━━━━━ DATASET EXCERPTS ━━━━━

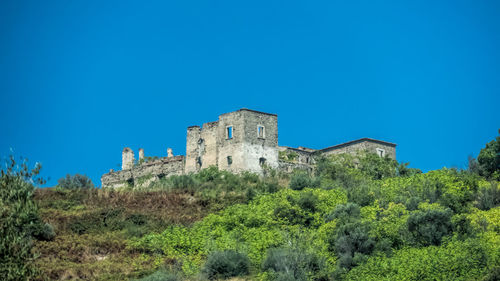 Old ruin against clear blue sky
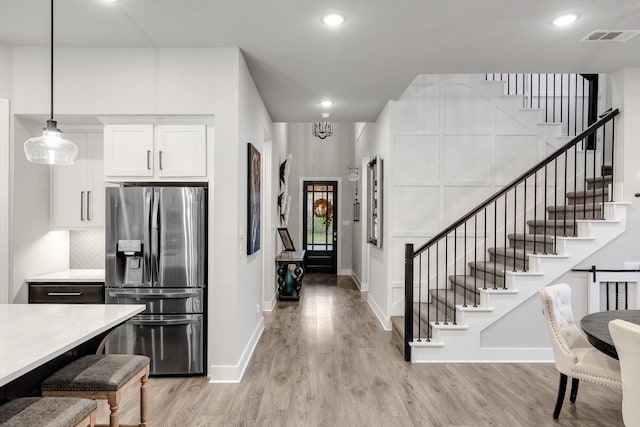 507 N Eagle Point Rd, Van Alstyne, TX 75495 - foyer featuring stairs, light wood-type flooring, baseboards, and recessed lighting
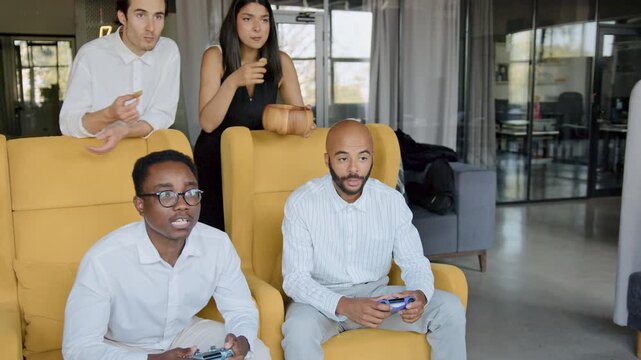 Diverse colleagues enjoy a lively console game break in a modern office, fostering unity and celebrating an exciting team victory with joysticks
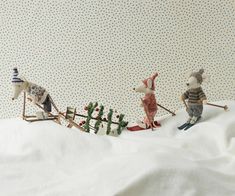 three toy mice are pulling a sleigh with christmas trees on it and snow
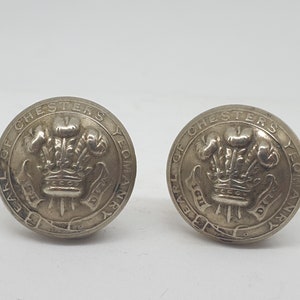 Puede incluir: Dos botones de metal plateado con la inscripción "Earl of Chester's Yeomanry" y un diseño de corona.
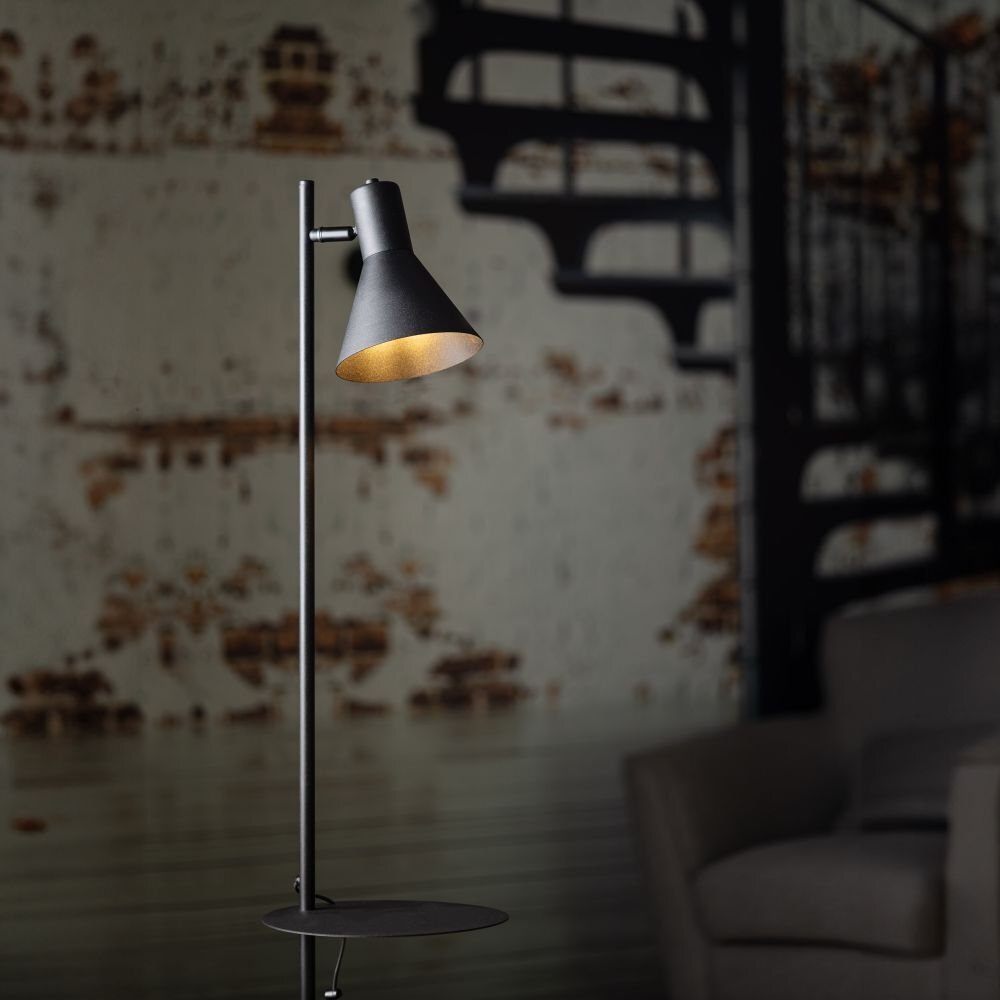 Czarna lampa podłogowa z półką i regulowanym kloszem, ustawiona na tle ściany z widocznymi elementami architektonicznymi.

━━━━━

» EXERCISE GOAL
A faithful reproduction of every entry, with no pictures, is the expected answer.

» SOLUTION TO THIS EXERCISE
 Old ruin against clear blue sky
 507 N Eagle Point Rd, Van Alstyne, TX 75495 - foyer featuring stairs, light wood-type flooring, baseboards, and recessed lighting
 Diverse colleagues enjoy a lively console game break in a modern office, fostering unity and celebrating an exciting team victory with joysticks
 three toy mice are pulling a sleigh with christmas trees on it and snow
 Puede incluir: Dos botones de metal plateado con la inscripción "Earl of Chester's Yeomanry" y un diseño de corona.
 Czarna lampa podłogowa z półką i regulowanym kloszem, ustawiona na tle ściany z widocznymi elementami architektonicznymi.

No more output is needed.